Forrest received mixed reception regarding her character when she was recognised in public. Forrest later lived with her castmates Bianca Hendrickse-Spendlove, Alice Barlow and Brennan. After the exit of Leanne's main love interest, Forrest was worried that she would be written off the soap, but new producer Gareth Philips assured her that he loved the character. In 2018, Forrest reflected, "Looking back I realise how nervous I was. Being in Hollyoaks was like going to university for me. We went out twice a week and had a big house to share. It was just fun". She had earlier described the experience as less scary than attending university. Forrest also portrayed Leanne in the 2012 Hollyoaks spinoff Hollyoaks: Chasing Rainbows.

"I have done really well out of the Hollyoaks 18th birthday storyline. Obviously it means I can't come back... but every actress wants a good exit. I really enjoy the industry – anything from presenting, to interviewing, to filming. I have learnt so much since being on Hollyoaks."
— –Forrest on her Hollyoaks exit (2013)

In October 2013, Leanne made her unannounced final appearance as Leanne when she was killed off during the soap's 18th anniversary celebrations. Forrest had filmed her exit scenes in August 2013 over 12-hour days, and had already filmed another project by the time her departure aired. As she left, Forrest told Digital Spy she felt satisfied with her experience as Leanne and was ready for change. Speaking highly on her time in Hollyoaks, Forrest said she had met some of her best friends in the role, and credited it with helping her mature and gain confidence on a television set and in life. A writer from Burnley Express wrote that Forrest's time on Hollyoaks "has seen her develop not just as an actress, but as a woman".

===Since 2014===
Following her Hollyoaks departure, Forrest took part in several auditions and said that she wanted to do some comedy and children's television. Forrest had a small role as Charlotte in the 2014 one-off Sky Arts comedy drama The Cruise, part of Playhouse Presents. Forrest had filmed this project prior to the broadcast of her Hollyoaks exit. That year, Forrest also made a guest appearance as Siobhan Davies in an episode of rival soap opera Coronation Street. In 2015, Forrest portrayed leading character Clare in the third season of Dani's Castle (also known as Rich, Jimmy & Kait's Castle). Whilst filming Dani's Castle, Forrest stayed in a Holiday Inn hotel in Belfast for 10 weeks. Forrest has commented that she enjoys travelling for acting roles as she otherwise gets "itchy feet" if she stays in one place for too long.
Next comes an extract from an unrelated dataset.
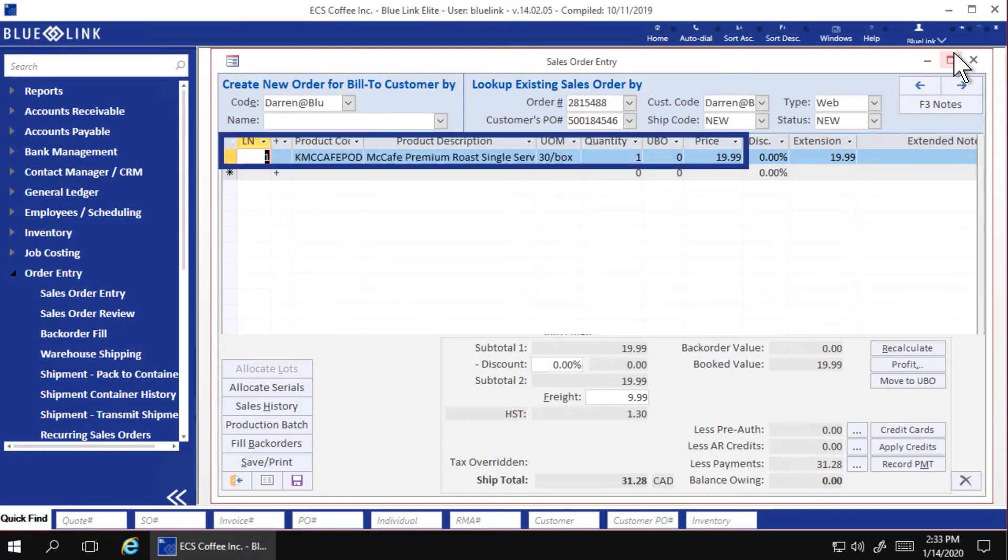On the orders detail tab, you can see the product quantity and price exactly match the order placed online.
After Dani's Castle, Forrest took part in various theatre productions, which she believed changed her as an actress. In 2016, Forrest portrayed teenager Jasmine in a five-week tour run of Chip Shop Chips, which was an immersive play where venues in England would be transformed into fish-and-chip shops for the performance. Chip Shop Chips was Forrest's theatre debut. In 2016, Forrest wrote and performed in The Trolley Girls at the 2016 Edinburgh Fringe Festival with Olivia Nicholson, who is also from Colne; Forrest commented that she "really enjoyed" the writing side of the production. Forrest added that she used her experiences as inspiration for "new material". In 2018, Forrest reprised her role in Chip Shop Chips when the production returned for a 10-week run touring around England; Forrest was happy to return as she wanted to develop her character further. In between acting jobs, Forrest worked as a nanny in London, where she had moved to prior to 2018, and she told the Lancashire Telegraph that she was developing a one-woman show based on her experiences in the job. Forrest also began to do stand-up comedy, which she enjoyed. In 2019, Forrest portrayed Bev in the pilot episode of Don't You Know Who I Am?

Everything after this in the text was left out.